Mais l’image n’est pas toujours aussi évidente. Lorsque ce jeune homme, souffrant d’une histoire de vie chaotique et douloureuse, ainsi que d’une schizophrénie sévère pour laquelle il est hospitalisé sous contrainte, s’est montré agressif, belliqueux, fugueur et inaccessible à nos tentatives de réassurance, d’apaisement, ou de canalisation, il a fallu faire appel à la force, à la contrainte, et à – hélas – une certaine violence pour le raccompagner dans sa chambre, au calme.
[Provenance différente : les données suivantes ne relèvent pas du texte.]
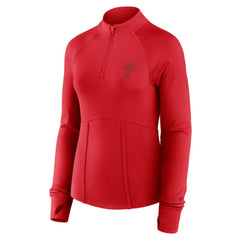 Philadelphia Phillies Women's Elements Raglan Tri-Blend Quarter-Zip Top Red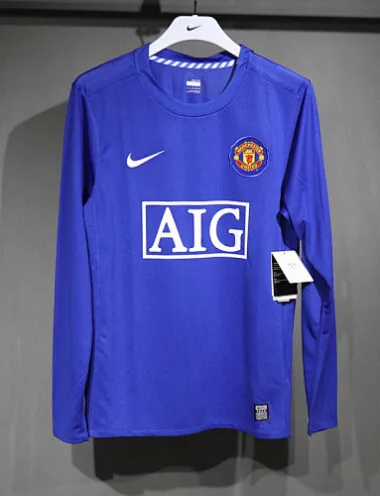 08-09 Manchester United blue long sleeves Player version soccer jersey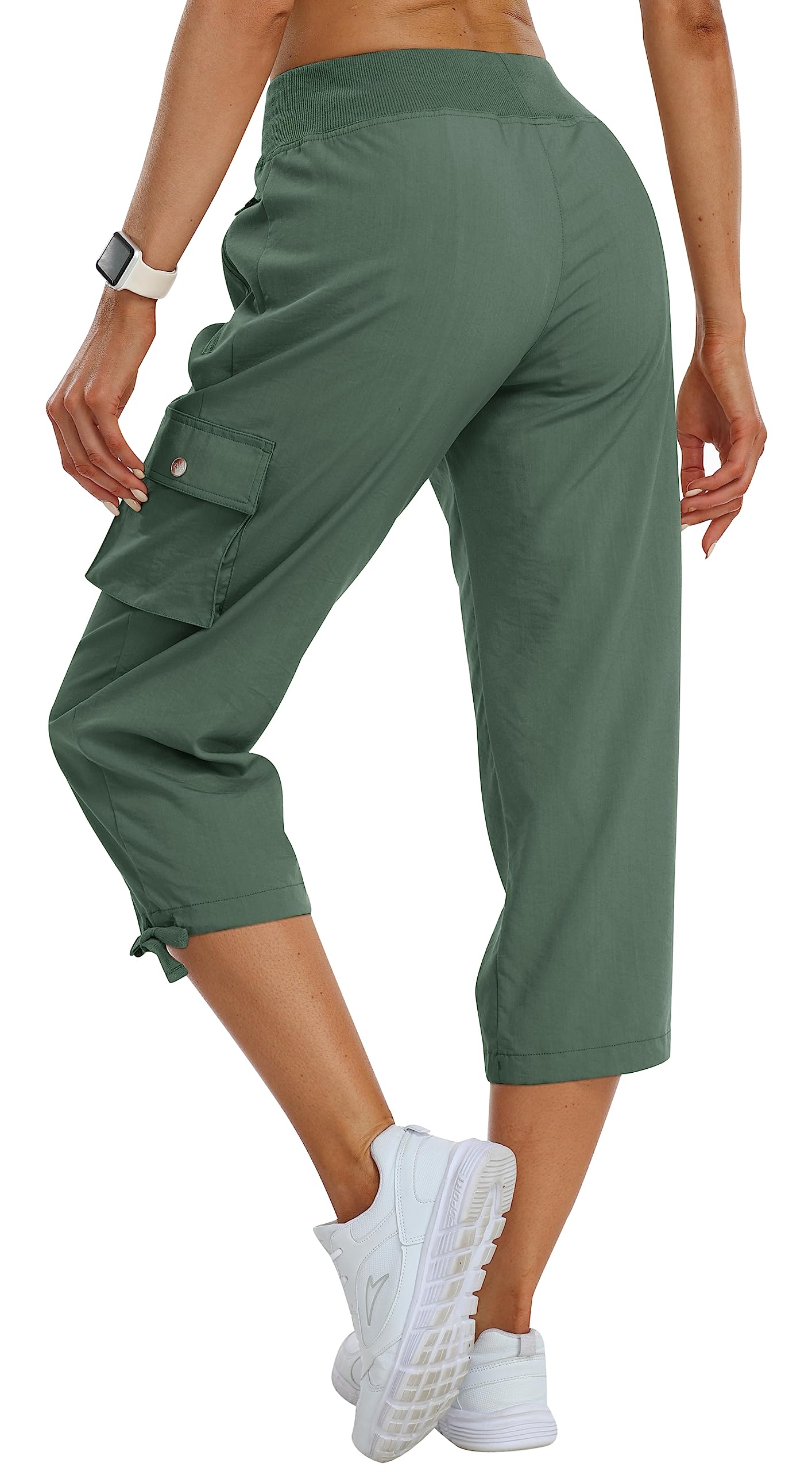 MoFiz Pantalon capris cargo pour femme, coupe ample, pantalon de randonnée décontracté, léger, séchage rapide, pantalon d'été pour femme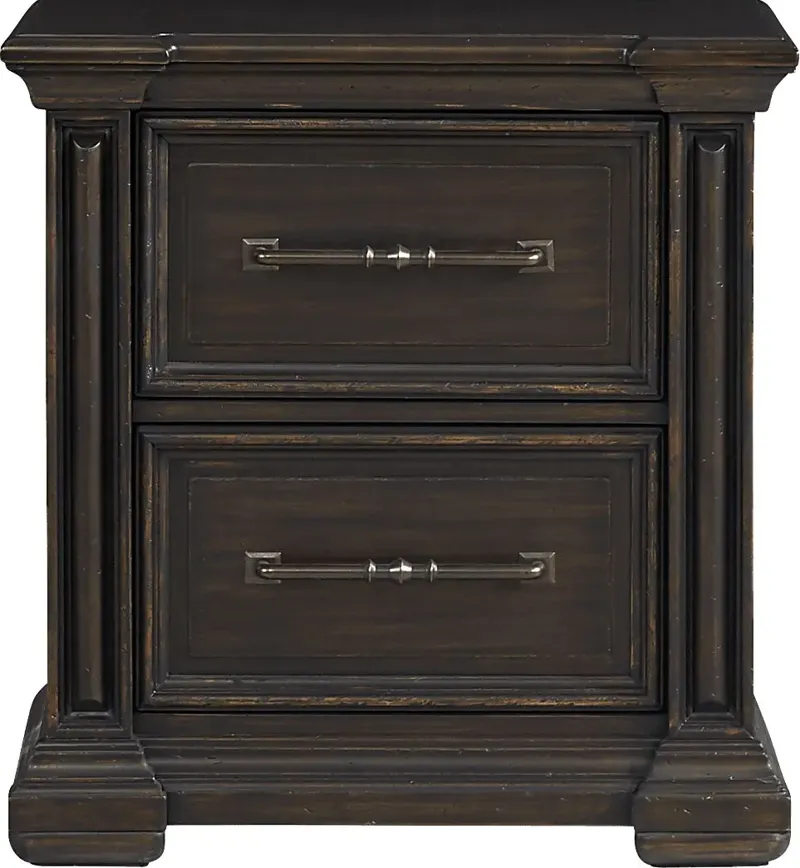 Trail Woods Black Nightstand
Comment sentir qu’on fait preuve d’humanité lorsqu’on contraint une personne à une liberté restreinte, entravée, et parfois, à l’en priver contre son gré ? Comment sentir le soin quand, pour rendre la psychothérapie possible et la vie « libre » en collectivité envisageable, il est parfois nécessaire d’employer des médicaments, qui s’ils sont efficaces pour couper court aux délires dont elles souffrent, rendent les personnes plus ou moins somnolentes, ralenties, leur donne la bouche sèche et pâteuse, des contractions musculaires, et d’autres effets à plus ou moins long termes[viii] [ix]? Comment oser se dire humain quand on doit parfois fermer des portes, troquer des vêtements contre des pyjamas de papier, sédater, isoler, contenir, marchander, interdire et, disons-le, violenter celles et ceux dont on prétend prendre soin ?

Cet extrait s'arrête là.